VIRUS SHAMONDA-LIKE : CIRCULATION CONFIRMÉE EN BELGIQUE

Depuis notre premier appel à la vigilance, les investigations menées en Belgique ont progressé. La présence d’un virus Shamonda-like est désormais confirmée chez des bovins et des ovins dans notre pays. Son impact sanitaire reste toutefois encore à préciser, notamment lorsqu’une infection survient pendant la gestation.


Des cas confirmés en Wallonie

L’Université de Namur (UNamur) a développé un test permettant de différencier le virus de Schmallenberg (SBV) d’un virus Shamonda-like.

Grâce à cet outil, la présence du virus Shamonda-like a pu être confirmée chez des bovins en provinces de Namur et de Hainaut, ainsi que chez des ovins.

Des détections ont également été rapportées en Flandre par la DGZ à l’aide de l’outil PathoSense. Des analyses complémentaires restent toutefois nécessaires pour confirmer ces résultats.

La circulation du virus Shamonda-like en Belgique peut donc désormais être considérée comme établie.


Quels signes cliniques observer ?

À ce stade, aucun signe clinique n’a été observé chez les moutons analysés par l’UNamur.

Chez les bovins atteints, les observations de terrain font principalement état de :

  • fièvre ;
  • abattement et diminution de l’activité ;
  • chute brutale, parfois importante, de la production laitière ;
  • diarrhée aiguë, bien que celle-ci ne soit pas systématiquement présente.

Les connaissances sur ce virus et son pouvoir pathogène restent encore limitées.
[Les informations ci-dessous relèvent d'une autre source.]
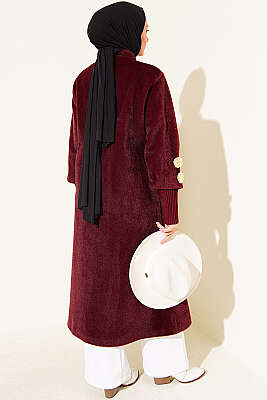 Broş Detaylı Goldfox Kaban Bordo - Kaban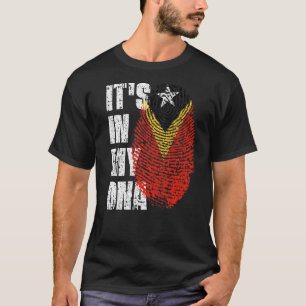 Camiseta É no meu Dna Timor Leste Bandeira de Timor Leste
Les investigations en cours doivent notamment permettre de mieux déterminer l’importance et la durée des symptômes ainsi que les éventuelles conséquences sur la reproduction.


Une attention particulière aux animaux gestants

Comme pour d’autres virus proches transmis par des insectes vecteurs, les conséquences d’une infection pendant la gestation constituent un point d’attention important.

Il conviendra donc d’être particulièrement vigilant, dans les prochains mois, face à une éventuelle augmentation:

  • des avortements ;
  • des naissances prématurées ;
  • des mortinatalités ;
  • des malformations congénitales.

Cette surveillance concerne tant les bovins que les petits ruminants.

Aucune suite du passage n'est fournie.